Nice to hear someone is doing good. Myself and George fished the ohio side, the upper walkway by the wall and were completely skunked. Is it time to give up the wall on the upper walkway for now or do I keep trying and hope I'm there when they are? Nice catch fishercreekrick! Is anyone fishing the open end of the wall on the Ky side and if so how are they doing?


----------



## fishercreekrick (Jan 19, 2010)

terry i dont use any stops fish the jig on the bottom the jig will have a more vertical jiging action with the float and hang alot less


----------



## Doboy (Oct 13, 2008)

terryit3 said:


> When you guys fish jigs under a slip float, how deep are you fishing them? I've never tried that setup for sauger. Only for crappie off a boat.
> 
> 
> Ya Ditto that Terry???
> ...


----------



## terryit3 (Jul 15, 2011)

Thanks Rick, I appreciate the help.


----------



## fishercreekrick (Jan 19, 2010)

doboy we are fishing in calm water up in the lock aproach im useing yum walleye grubs and yum dingers in 4in and pinch off about 1in. off the head in water mellon chart. and carolina pump. chart. look111 sauger are being caught early morn. and late eve. on minnows down at the end of the lock aproach


----------



## Doboy (Oct 13, 2008)

fishercreekrick said:


> doboy we are fishing in calm water up in the lock aproach im useing yum walleye grubs and yum dingers in 4in and pinch off about 1in. off the head in water mellon chart. and carolina pump. chart. look111 sauger are being caught early morn. and late eve. on minnows down at the end of the lock aproach


OK Rick,,, Thanks
The reason I was asking/ prying for more info,,, I NEVER have seen anybody fishing farther up than the 600' marker? We have a sign up on the bank, around the 400', that says "Private Property". Maybe nobody wants to 'Push-it'. 
I just happen to know it's FULL of snags,,, YOUR way would eliminate some of that! 
(hey Snake,,, you listening? )

A lot of guys get 'ticked' off when we post How, When, Where, ,,, But without the ranks, the numbers, we have no power to loby for MORE ACCESS.
'WE' just have to share & keep our Noses CLEAN.
After all,,, all we want to do is FISH! 
jer


----------



## Daveo76 (Apr 14, 2004)

Very good representation Doboy. I think most people know by now that we don't mind sharing the info as it may help someone else on the river someplace else. It looks like people enjoy looking at the posts too. We have one thread that has almost 31,000 views. We appreciate your posts and info too. Nothing quite like fishing the mighty Ohio


----------



## look111 (May 3, 2012)

Thanks for the info fishercreekrick. I'll try a couple days there (different times) and see how my luck is. Daveo76 and Doboy you two are correct about the help some get from the shared info on this site. I appreciate it because my fishing experiences got a whole lot better from spring to late fall this year. Happy fishing to all!!


----------



## Daveo76 (Apr 14, 2004)

Hey Look111, you can't tell anyone our secret weapons, cause we use everything!!! Ha ha


----------



## colonel594 (Aug 31, 2012)

this is good info  jerry and i were at a spot last weekend with heavy rock cover talking about how good it would be for crappie with a slip float.... the idea of using the same method for sauger has NEVER crossed my mind though.

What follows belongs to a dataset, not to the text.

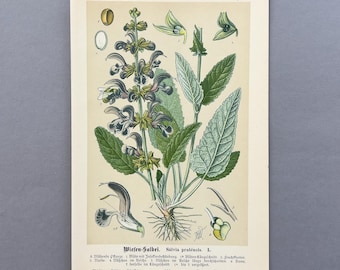1894 – Wiesen-Salbei – Antike original Lithografie – Botanischer Druck (Salvia pratensis)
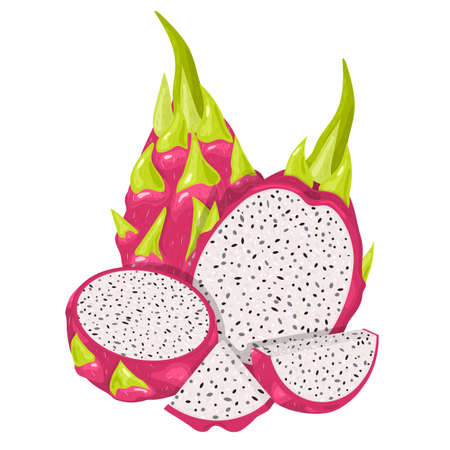 Set of fresh whole, half, cut slice red pitaya fruits isolated on white background. Summer fruits for healthy lifestyle. Organic fruit. Cartoon style. Vector illustration for any designのイラスト素材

just curious when your working over rocky bottom with snags, are you able to "hop" your jig under the slip float with a quick action of your rod tip with out it getting hung up? seems like a quick hope and a crank or two... pause.... repeat as you slowly work it back in would work pretty well??

also are you guys using a good sized slip float as more of a means to vrtically jig, and less of a strike indicator? i would imange most of your hook ups are felt through the line?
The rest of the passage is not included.